The intro to an invite to a stag do for one of my good mates. We’re having a long weekend up in Newcastle at the end of April, which will no doubt wipe five years off of the life of my liver. The two best men organising it should be putting on quite a programme of events, I reckon.
I’m an usher in the wedding, the first time I’ve been involved in one since I was a pageboy at the age of about six or seven, dressed in maroon corduroy knickerbockers. I’m very, very excited.
Eddie’s the second of our group to get married, which is about right for a bunch of guys in their mid-20s. Another one got engaged over Christmas, while at least five of us live with long-term girlfriends. Two of the guys also turned out to be gay. There’s only a couple of kids around, that I can think of, but no doubt that’ll increase in the next couple of years.
It’s weird to think that we’re all adults now, seeing as I’ve known most of them since we started secondary school nearly 14 years ago, and a couple of them for even longer than that. Although we’re spread out across the south of the country nowadays, it’s so easy to slip back into the old ways when we’re all together, which is unfortunately ever more infrequently.

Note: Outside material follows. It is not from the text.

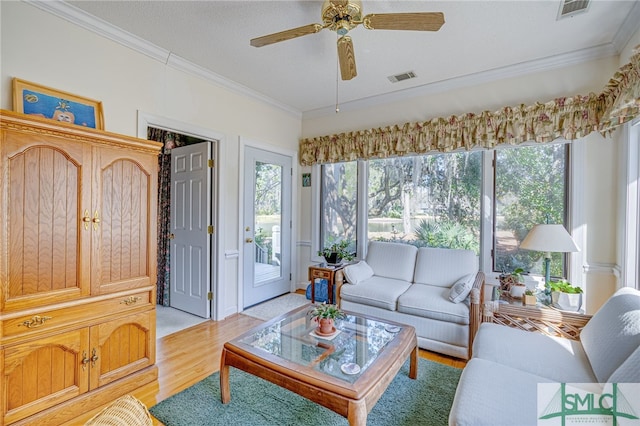 living room with crown molding, light hardwood / wood-style flooring, and ceiling fan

So it’s another wedding this summer, possibly one more next year, and then who knows. One of the best men, who has been living with his girlfriend for a while now, was using the other best man as a buffer to hold off proposing, as best man number two has been with his missus for years and years without popping the question. Of course, with best man number two doing so at Christmas, that’s switched the peer pressure from himself to best man number one.
And I guess that would put me next in line after that.